Iguana Fest 2018. This year’s festival was a great success with approximately 175 attendees. Notable guests included Joseph Smith Abbott (Deputy Secretary to the Ministry of Natural Resources and Labour), Kim Takeuchi (Unite BVI Foundation), and Mr. Vincent Wheatley (former Sisters Island Programme Coordinator). An equally important guest was Darvin Potter, who in the past has been a reluctant supporter of the iguana conservation program. After the festival, Mr. Potter shared that the festival was a mind-changing event for him and strongly expressed his approval of the festival and what it brings to the residents of Anegada.
This year’s Iguana Fest included a free breakfast, hotdog cookout for children, two iguana cakes, and candy. In addition, Big Bolo Back Yard Grill set up a booth and sold barbecue lunches and drinks. Festival activities included an early morning fun-run/walk for local residents, a family-friendly DJ, spraying down the kids with the fire hose, ecology coloring station, and many iguana/ecology games. As in years past, almost 400 official Iguana Fest T-shirts were given out. The shirts are much sought after, and additional requests come in long after they are out of stock. The shirts keep the program visible and create opportunities for conversations between researchers and locals throughout the year. The festival has become a favorite regional event that showcases the uniqueness of Anegada and its iguana.
Future. The 2019 work (e.g., collecting new hatchlings/releasing iguanas, long-term monitoring, and iguana/flora interactions) will ensure the program does not lose momentum as the country works toward full recovery from the 2017 hurricanes. Additional efforts will move the program towards a meta-population approach. The first phase is to conduct an extensive habitat assessment of Fallen Jerusalem, BVI, to ensure the island still affords iguanas their basic needs: varied plant community, appropriate nesting sites, absence of introduced species, and determine the presence of the Puerto Rican Racer.

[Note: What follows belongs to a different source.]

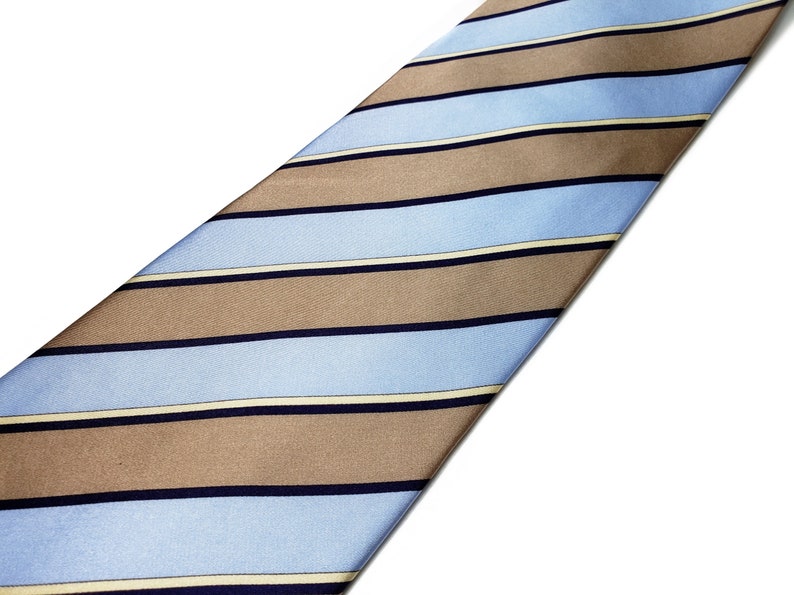 Silk Tie 3.75 inches wide with Light Blue Brown Gold Black Stripes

Iguana Fest 2018 was a great success, but with such high numbers in attendance the festival’s format needs to change to increase its education impact on attendees. The plan is to setup independent stations where smaller, more manageable groups can complete education activities. The festival will have a mini passport that will get stamped when an activity is completed. Small prizes will be given out for completely filled passports. This format will require more volunteers to have all the stations running at once, but will ultimately result in greatly improved learning experience for festival participants.
Finally, the project’s car failed in 2018, and it was determined not cost-effective to repair it. The Fort Worth Zoo will donate and ship a car to Anegada in 2019. K. Bradley attempted to purchase a generator, but the demand for generators made them extremely overpriced in the BVI. A generator will be purchased in the US next year and shipped to finalize the hurricane preparedness.